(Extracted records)
>>

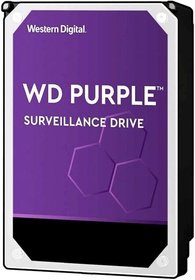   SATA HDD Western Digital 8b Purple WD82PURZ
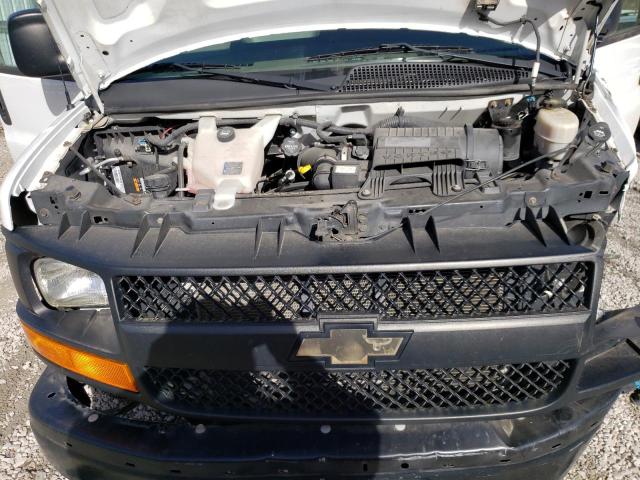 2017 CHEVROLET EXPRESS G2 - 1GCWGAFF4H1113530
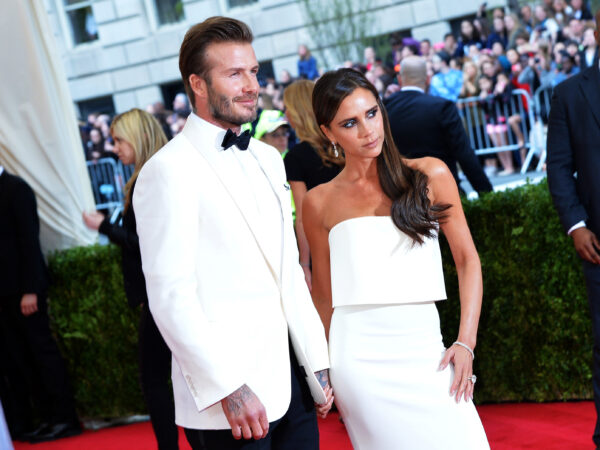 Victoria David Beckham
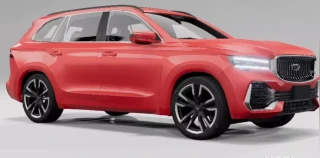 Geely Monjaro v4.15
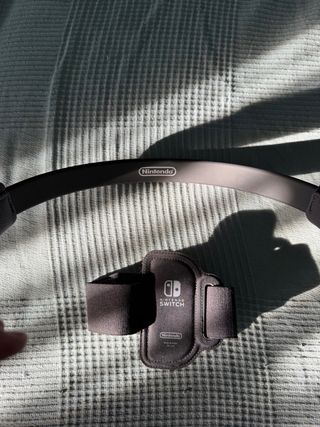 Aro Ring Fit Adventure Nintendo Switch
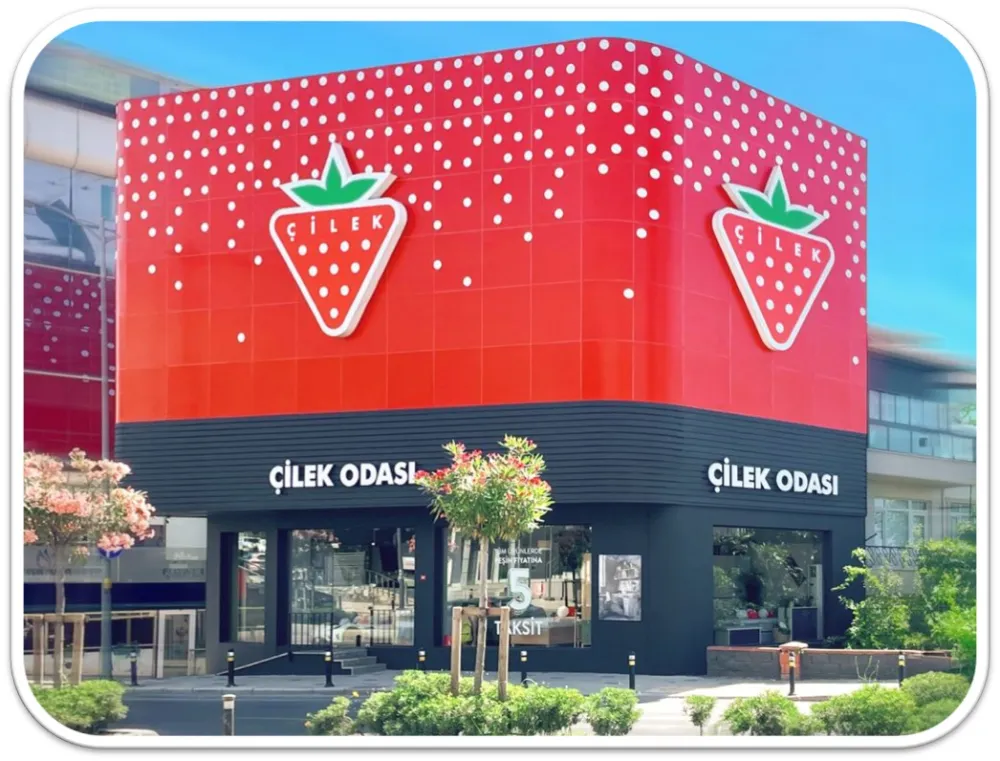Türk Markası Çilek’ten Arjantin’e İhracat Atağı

<<

Could you set down nothing but the lines from the one containing "Victoria David Beckham" through the last line of the records above, both ends included, exactly as given and free of pictures?

 Victoria David Beckham
 Geely Monjaro v4.15
 Aro Ring Fit Adventure Nintendo Switch
Türk Markası Çilek’ten Arjantin’e İhracat Atağı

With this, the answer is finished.